Lastly, I tested out JSON2YOLO's merge_multi_segment() function which appeared to have modified the masks to the point where the contour is indecipherable by opencv, as findContours() was unable to produce an output. Hence, there would be a need for another implementation, which I believe may be found and adapted from Fiftyone's source code, particularly the _coco_segmentation_to_mask() function (here). Would love to hear your thoughts on this approach. Thanks!

May 21 '24 06:05 DancinParrot

Just an update, after messing around with a few implementations, I finally came up with a functional code by combining _coco_segmentation_to_mask() from Fiftyone with mask2polygon() in ultralytics/JSON2YOLO#38. The flow is as follows:

If more than 1 segmentation masks exist in the dataset, normalize, merge and encode the list of segmentation masks obtained from COCO's labels.json file into RLE.
Decode the RLE and pass as argument to the mask2polygon() function.
The mask2polygon() function finds the contours within a mask, obtains the hierarchy of contours in the form of [[Next, Previous, First_Child, Parent], ...] (see cv2.findContours() docs).
Then, it will loop over the list of contours and merge those with a valid present (non -1 value in hierarchy list).
However, for contours without parents, they will not be merged. In this case, my method involves either recursively merging all contours until there's only 1 left in the list or choose the biggest contour as the resulting polygon based on area (I chose the latter).

Although the resulting product is not perfect, but it works well enough (so far) for my use case.
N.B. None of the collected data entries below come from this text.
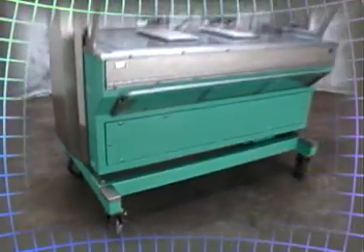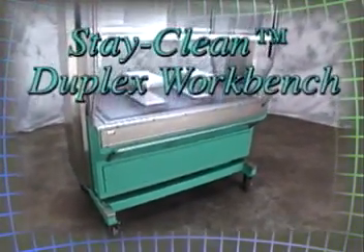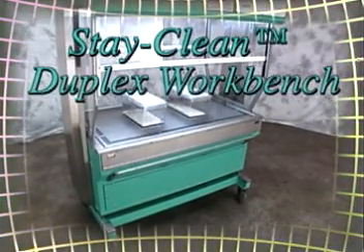The Stay Clean Duplex workbench — providing the right solutions and the right environment for researchers and the animals they care for.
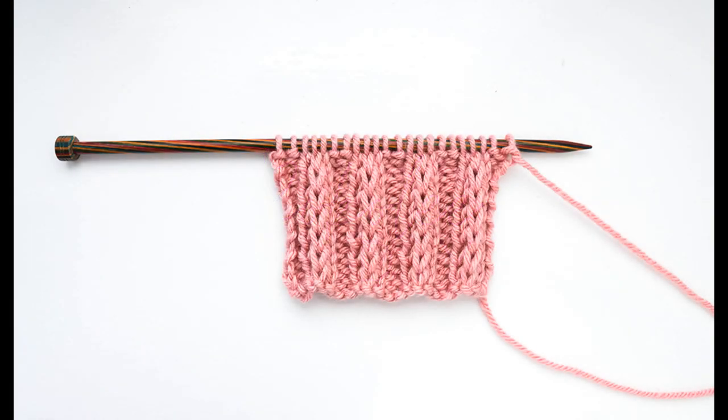Hello and welcome to my video where I'm going to show you how to knit fancy slip stitch ribbing. This pattern creates really nice squishy ribbing and you can see the result here.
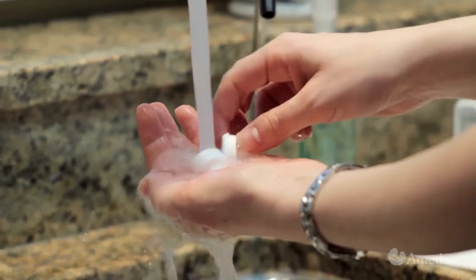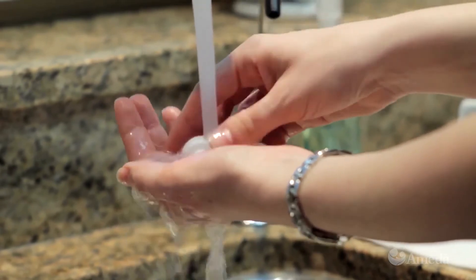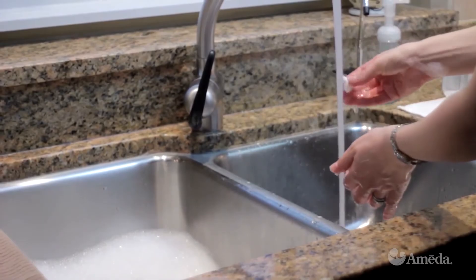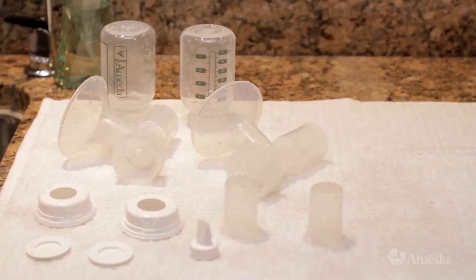Be especially careful with the valve. The valve should always be washed and rinsed gently and should never be scrubbed with brushes or anything abrasive. To ensure the best performance of your breast pump, we recommend replacing valves every 8 to 12 weeks depending on cleaning and use.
I'm most definitely open to feedback and suggestions on ways to improve as well as possible alternatives to this approach.
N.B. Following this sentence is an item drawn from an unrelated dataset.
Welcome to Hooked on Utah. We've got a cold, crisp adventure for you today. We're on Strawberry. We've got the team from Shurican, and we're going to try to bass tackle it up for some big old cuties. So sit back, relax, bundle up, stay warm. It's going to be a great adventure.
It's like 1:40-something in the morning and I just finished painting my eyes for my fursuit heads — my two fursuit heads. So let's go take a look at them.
Should I open a PR for this? @SkalskiP

Code is roughly as follows:

# From https://github.com/voxel51/fiftyone/blob/8205caf7646e5e7cb38041a94efb97f6524c1db6/fiftyone/utils/coco.py
def normalize_coco_segmentation(segmentation):
    # Filter out empty segmentations
    # For polygons of 4 points (1 pixel), duplicate to convert to valid polygon
    _segmentation = []
    for seg in segmentation:
        if len(seg) == 0:
            continue

        if len(seg) == 4:
            seg *= 4

        _segmentation.append(seg)

    return _segmentation

# From https://github.com/ultralytics/JSON2YOLO/issues/38
def is_clockwise(contour):
    value = 0
    num = len(contour)
    for i, point in enumerate(contour):
        p1 = contour[i]
        if i < num - 1:
            p2 = contour[i + 1]
        else:
            p2 = contour[0]
        value += (p2[0][0] - p1[0][0]) * (p2[0][1] + p1[0][1])
    return value < 0


def get_merge_point_idx(contour1, contour2):
    idx1 = 0
    idx2 = 0
    distance_min = -1
    for i, p1 in enumerate(contour1):
        for j, p2 in enumerate(contour2):
            distance = pow(p2[0][0] - p1[0][0], 2) + pow(p2[0][1] - p1[0][1], 2)
            if distance_min < 0:
                distance_min = distance
                idx1 = i
                idx2 = j
            elif distance < distance_min:
                distance_min = distance
                idx1 = i
                idx2 = j
    return idx1, idx2


def merge_contours(contour1, contour2, idx1, idx2):
    contour = []
    for i in list(range(0, idx1 + 1)):
        contour.append(contour1[i])
    for i in list(range(idx2, len(contour2))):
        contour.append(contour2[i])
    for i in list(range(0, idx2 + 1)):
        contour.append(contour2[i])
    for i in list(range(idx1, len(contour1))):
        contour.append(contour1[i])
    contour = np.array(contour)
    return contour


def merge_with_parent(contour_parent, contour):
    if not is_clockwise(contour_parent):
        contour_parent = contour_parent[::-1]
    if is_clockwise(contour):
        contour = contour[::-1]
    idx1, idx2 = get_merge_point_idx(contour_parent, contour)
    return merge_contours(contour_parent, contour, idx1, idx2)


def mask2polygon(image):
    contours, hierarchies = cv2.findContours(
        image, cv2.RETR_TREE, cv2.CHAIN_APPROX_TC89_KCOS
    )
    contours_approx = []
    polygons = []
    for contour in contours:
        epsilon = 0.001 * cv2.arcLength(contour, True)
        contour_approx = cv2.approxPolyDP(contour, epsilon, True)
        contours_approx.append(contour_approx)

    contours_parent = []
    for i, contour in enumerate(contours_approx):
        parent_idx = hierarchies[0][i][3]
        if parent_idx < 0 and len(contour) >= 3:
            contours_parent.append(contour)
        else:
            contours_parent.append([])

    for i, contour in enumerate(contours_approx):
        parent_idx = hierarchies[0][i][3]
        if parent_idx >= 0 and len(contour) >= 3:
            contour_parent = contours_parent[parent_idx]
            if len(contour_parent) == 0:
                continue
            contours_parent[parent_idx] = merge_with_parent(contour_parent, contour)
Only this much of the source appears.